私はもともと、メンタルが強いほうではなくて、かといってひどく弱いほうでもない。
大体の人はそんな感じなのではないだろうか。

独身時代、社会人としてフルタイムで働いていた時期は、お客さんや上司、同僚と話を合わせるために、朝のニュースは欠かさず見ていて、時には新聞も読んでいた。


それで自分から話題を提供することができたし、話題を振られたときにはそれなりに答えることもできたし、社会情勢を押さえている自分は、20代前半ながらも、しっかりしている!と思っていた。




ところが、30代に入り子どもを出産すると、いたたまれない乳幼児虐待や殺人のニュースを朝から目にした時は、心がずーんと重くなっていることに気付くようになった。



「生後3か月の我が子を…」など、月齢が近い赤ちゃんのニュースを目にしたときは、自分の、ベッドに寝転がっている赤ちゃんを見つめては、どうしようもなく、苦しい気持ちになってしまう。



産後のホルモンバランスの関係で、余計にこんな感情になってしまうのは、自分でもわかってはいながらも、メンタルの落ち込みを抑えることなどできなかった。

虐待や殺人のみならず、交通事故、議員の汚職事件、公務員のわいせつ事件、青少年の犯罪、特殊詐欺事件、大企業の利権問題、北のミサイル発射…もうもう小さい頃から何度も何度も十分に見てきた気がする。

ニュースの大半というかほぼ全ては、はっきりいって私に関係のない事なのである。


例え世界のどこかで紛争が起きていたとしても、その場所に身内はいないし、影響があることといえば、日々のスーパーでのお買い物の金額が上がることくらい。


物価高騰はスーパーに行っていれば、嫌でも実感するし、なぜ高騰しているのか知りたければ、自分で調べればいいだけ。

交通事故や、親の不注意による子どもの事故も、基本的なことに気をつけて生きていれば大抵起こらないし、悲しいことに、どんなに注意していても起こるときは、起こる。



なので、ニュースから学ぶことはもうない。

そんな自分に関係のない情報に毎日踊らされて、くだらない内容でがっかりしたり、時には心を痛める必要があるのだろうか。



朝は穏やかに過ごしたい。



私は朝のみならず、実験的に生活全てからニュースを断捨離してみることにした。


″実験的に”というのは、ニュースを見ない事で、何か弊害が起こる恐れがあったので、いつでも元の状態に、戻せるようにしておきたかったからである。

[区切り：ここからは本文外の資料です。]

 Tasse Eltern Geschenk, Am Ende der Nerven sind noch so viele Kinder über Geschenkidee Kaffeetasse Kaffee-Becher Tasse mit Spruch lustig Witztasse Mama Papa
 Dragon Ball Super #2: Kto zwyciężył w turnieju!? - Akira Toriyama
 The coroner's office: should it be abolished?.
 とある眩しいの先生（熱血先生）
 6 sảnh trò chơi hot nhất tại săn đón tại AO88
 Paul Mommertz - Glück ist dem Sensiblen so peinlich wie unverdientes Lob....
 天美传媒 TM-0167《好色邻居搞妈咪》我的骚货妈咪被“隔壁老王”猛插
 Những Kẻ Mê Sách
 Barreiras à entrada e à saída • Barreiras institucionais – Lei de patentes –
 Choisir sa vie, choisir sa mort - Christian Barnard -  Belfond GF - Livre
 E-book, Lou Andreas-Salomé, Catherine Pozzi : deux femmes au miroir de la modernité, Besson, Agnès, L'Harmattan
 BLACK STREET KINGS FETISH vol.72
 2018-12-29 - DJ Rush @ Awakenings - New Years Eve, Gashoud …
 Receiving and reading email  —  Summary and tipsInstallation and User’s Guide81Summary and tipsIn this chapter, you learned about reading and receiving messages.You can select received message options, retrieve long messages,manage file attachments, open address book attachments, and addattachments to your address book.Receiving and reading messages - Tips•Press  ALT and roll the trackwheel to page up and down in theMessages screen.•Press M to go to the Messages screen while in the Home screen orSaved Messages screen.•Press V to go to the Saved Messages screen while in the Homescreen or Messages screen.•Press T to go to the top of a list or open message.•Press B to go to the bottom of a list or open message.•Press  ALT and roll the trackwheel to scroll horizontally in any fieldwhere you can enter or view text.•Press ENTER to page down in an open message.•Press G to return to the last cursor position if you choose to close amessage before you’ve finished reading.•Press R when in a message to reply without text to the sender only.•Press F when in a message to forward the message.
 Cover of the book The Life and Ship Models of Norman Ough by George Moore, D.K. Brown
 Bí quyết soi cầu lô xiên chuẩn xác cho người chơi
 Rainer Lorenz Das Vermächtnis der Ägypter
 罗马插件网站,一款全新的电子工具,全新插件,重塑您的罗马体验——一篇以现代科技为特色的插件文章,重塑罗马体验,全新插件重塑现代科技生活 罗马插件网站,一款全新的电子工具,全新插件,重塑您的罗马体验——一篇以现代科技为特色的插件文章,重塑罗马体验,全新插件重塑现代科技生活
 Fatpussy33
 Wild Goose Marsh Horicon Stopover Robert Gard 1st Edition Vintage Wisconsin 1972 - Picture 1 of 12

結果的には、ニュースを断捨離したことで、起こった弊害は、断捨離が4~5年続いている今もない。


大きな事件が起きた時は、その日の朝、幼稚園バスのバス停のママさんに教えてもらったし、その他にも家庭内や、職場で大体は情報が入手できる。



社長、経営者は別として、市井の人々の口から出るニュースというものは、大半がトップニュースであったり、多くの人が興味関心をもつ内容であるので、ニュースなんかわざわざ見なくても、必ず耳に入ってくるようになっているのだ。


「ニュースも見ていないのか」なんて言われていたのは、せいぜい20代までで、30代の子育てママが、多少情弱であろうとも誰も気にしないし、そもそもそんな事をいちいち気に掛ける人と、私は付き合いたくない。


むしろ「そのニュース知らない。詳しく教えて。」と聞いた方が、相手も意気揚々と教えてくれることのほうが多い。



肝心のメンタルはどうなったのか、という話であるが、メンタルはここ数年で確実に強くなっている。


ただし、それにはいろんな要素が組み合わさっているので、このニュースの断捨離効果がどれだけのウエイトを占めているのかは、知りえない。



とにもかくにも、もうニュースを毎日欠かさずに見ていた頃には、戻すつもりもなく、毎日快適な朝を私は過ごしているという事だ。